Ксана оборачивается посмотреть, что случилось. Она вздыхает:
–Отец…
–Молчи, скептичное дитя. Софокл благословил Лирию.– Гигант отдает конфету дочери и спускается ко мне, бурно жестикулируя.– В мире все еще осталось волшебство.– Вторую конфету он бросает лису.– И Софокл нашел его.
–Отец!
–Так что же, Луна изменила правила нашего дома?– спрашивает он.– Неужто Софокл должен напоминать нам о нашей марсианской чести?– (Его дочь не отвечает.)– Итак! Девушка летит с нами, потому что… потому…– В его огромной голове возникает идея, и глаза загораются. Он указывает на серебряную булавку на моей госпитальной блузе.– Потому что отныне она слуга дома Телеманусов!

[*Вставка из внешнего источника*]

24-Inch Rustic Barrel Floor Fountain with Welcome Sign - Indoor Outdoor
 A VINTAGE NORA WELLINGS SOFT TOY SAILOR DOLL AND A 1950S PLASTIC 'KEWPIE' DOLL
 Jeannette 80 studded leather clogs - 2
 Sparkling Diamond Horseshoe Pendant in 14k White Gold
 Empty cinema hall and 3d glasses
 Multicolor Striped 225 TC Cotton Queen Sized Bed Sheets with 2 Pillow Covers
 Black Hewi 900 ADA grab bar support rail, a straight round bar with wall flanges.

–Слуга?– хором переспрашиваем мы с Ксаной.
Она вздыхает:
–Ты собираешься взять на службу всю деревню?
–Нет, только ее. Софокл выбрал Лирию, а Телеманусы своих не бросают.– Он кладет огромную руку мне на плечо. У меня чуть не подгибаются колени под ее тяжестью.– Ну, что ты об этом скажешь, дочь?
Ксана улыбается, сдаваясь под натиском отца:
–Я внесу ее в реестр. Таможне это не понравится.
–Пусть пососут мою бороду.
–Теперь ты выражаешься, как Барка.
–Будут тут всякие мне указывать, кого я могу, а кого не могу нанять на службу! Наглые лицемерные эльфики!– Кавакс машет рукой своим людям.– Вассалы, подъем! Найдите ее племянника. Маленький слепой рыцарь с шоколадной родинкой на носу. Его не пропустишь. Тащите мальчика сюда.– Он бьет кулаком по ладони.– И быстро улетаем!
Я стою потрясенная, ничего не понимая, хотя слышала все своими ушами. Но солдаты идут выполнять приказ, а Ксана поднимается по трапу в челнок, оставив меня с Каваксом. Я не могу поверить, что все это происходит на самом деле. Мы улетаем?
Проводив взглядом дочь, Кавакс опускается на колени, чтобы смотреть мне в глаза.